Here’s what else it does.  It properly and accurately places violence at the heart of Southern slave-holding. In fact, mandingo fighting, if it existed, wasn’t central to plantation life (and probably wasn’t named after bad mid-’70s movies).  Cotton farming was. And slaves weren’t routinely beaten to death, or killed by dogs, or allowed to kill each other with hammers; they were too valuable as economic assets to waste like that.  But underneath the patina of Southern sophistication and culture, atavistic violence remained the engine that drove the whole enterprise. We see it in DiCaprio’s Calvin Candie, a brilliant performance as a Francophile art collector whose rotten teeth reflect the rotten emptiness of his soul, and his creepily incestuous relationship with his eternally smiling sister, Lara (Laura Cayouette).  Violence, in the South, may have been carefully concealed to outsiders, but Tarantino places it front and center in his film.  It doesn’t matter if mandingo fighting really happened.  Slavery was never anything but the violent subjugation of human beings.

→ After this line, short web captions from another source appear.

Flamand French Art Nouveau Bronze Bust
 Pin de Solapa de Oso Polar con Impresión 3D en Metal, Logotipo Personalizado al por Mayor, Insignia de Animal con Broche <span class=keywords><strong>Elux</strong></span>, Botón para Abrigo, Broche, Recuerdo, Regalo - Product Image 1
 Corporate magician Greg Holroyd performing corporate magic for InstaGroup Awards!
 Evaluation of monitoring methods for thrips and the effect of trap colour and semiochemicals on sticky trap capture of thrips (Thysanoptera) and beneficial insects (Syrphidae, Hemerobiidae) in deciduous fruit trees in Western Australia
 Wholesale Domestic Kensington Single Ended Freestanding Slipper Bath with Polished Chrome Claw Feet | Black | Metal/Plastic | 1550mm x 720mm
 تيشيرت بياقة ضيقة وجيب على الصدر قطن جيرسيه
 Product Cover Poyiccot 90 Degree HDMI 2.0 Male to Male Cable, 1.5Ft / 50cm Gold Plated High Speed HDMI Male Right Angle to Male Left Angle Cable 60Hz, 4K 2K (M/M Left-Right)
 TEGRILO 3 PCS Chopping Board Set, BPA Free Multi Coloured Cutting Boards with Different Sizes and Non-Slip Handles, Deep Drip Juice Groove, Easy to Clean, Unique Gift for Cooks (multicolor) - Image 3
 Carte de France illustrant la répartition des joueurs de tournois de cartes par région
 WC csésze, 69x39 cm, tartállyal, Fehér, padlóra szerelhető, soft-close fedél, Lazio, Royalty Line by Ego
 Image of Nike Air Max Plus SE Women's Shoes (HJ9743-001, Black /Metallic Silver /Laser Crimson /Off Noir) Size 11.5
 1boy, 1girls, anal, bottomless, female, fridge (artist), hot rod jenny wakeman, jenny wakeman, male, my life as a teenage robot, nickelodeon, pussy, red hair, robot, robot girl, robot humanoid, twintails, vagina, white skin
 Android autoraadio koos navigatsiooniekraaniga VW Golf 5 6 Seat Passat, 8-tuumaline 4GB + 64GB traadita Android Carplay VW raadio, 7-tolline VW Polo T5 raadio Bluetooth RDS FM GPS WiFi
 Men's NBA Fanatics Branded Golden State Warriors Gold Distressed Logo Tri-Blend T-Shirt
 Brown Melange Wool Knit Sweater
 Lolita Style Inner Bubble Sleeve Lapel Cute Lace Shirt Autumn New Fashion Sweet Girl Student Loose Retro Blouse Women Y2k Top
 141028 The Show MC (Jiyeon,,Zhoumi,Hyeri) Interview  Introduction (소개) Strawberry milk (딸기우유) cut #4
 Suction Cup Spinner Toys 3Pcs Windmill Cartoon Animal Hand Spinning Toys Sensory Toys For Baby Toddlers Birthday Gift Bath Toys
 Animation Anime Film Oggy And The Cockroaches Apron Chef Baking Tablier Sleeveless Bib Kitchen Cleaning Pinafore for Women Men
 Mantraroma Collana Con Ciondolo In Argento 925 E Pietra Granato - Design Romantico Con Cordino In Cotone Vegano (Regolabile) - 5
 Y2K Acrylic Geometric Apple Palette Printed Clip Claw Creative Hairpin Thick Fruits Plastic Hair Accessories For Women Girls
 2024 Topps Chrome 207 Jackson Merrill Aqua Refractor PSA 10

The film has been targeted by moralists for its violence, especially in the wake of a national controversy over school shootings and calls for gun control.  Hollywood destroying America; that kind of thing. Such concerns are, of course, irrelevant to the film itself.  It’s a Western, and people like Westerns, despite their violence.  They represent American violence in support of a narrative of good versus evil.  We love that myth–the lone gunslinger standing against corruption.  They’re very John Wayne.  Tarantino shoves the violence of Westerns and the violence of slavery in our faces, conflates them into a brand-new myth, in which freed slaves take out their righteous anger against their former masters. Shoves it in our faces, and then has the temerity to ask how we like it.

And since the entire thing takes place in a world of movie-made myths, the version of ‘American history’ it invents doesn’t have to be true.  It just has to remind us of truth.  In fact, a great many Americans died to destroy slavery, 600,000 casualties from 1861-1865.  And freed slaves did commit violence upon the class that had enslaved them–180,000 black soldiers fought in the Union army.  And freed slaves did work to purchase the freedom of their spouses. And white slave-owners certainly did father children by their slave women.  Because slavery was pretty much always about the constant threat of violence.

Did I like it?  I was shaken by it.  I was moved, by Kerry Washington and Jamie Foxx and Christoph Waltz and the tremendous sadness of Sam Jackson’s character. I was appalled by it.  And it’s going to be a few days before I’m able to shake it off.  I’m not sure what more we want a great film to accomplish.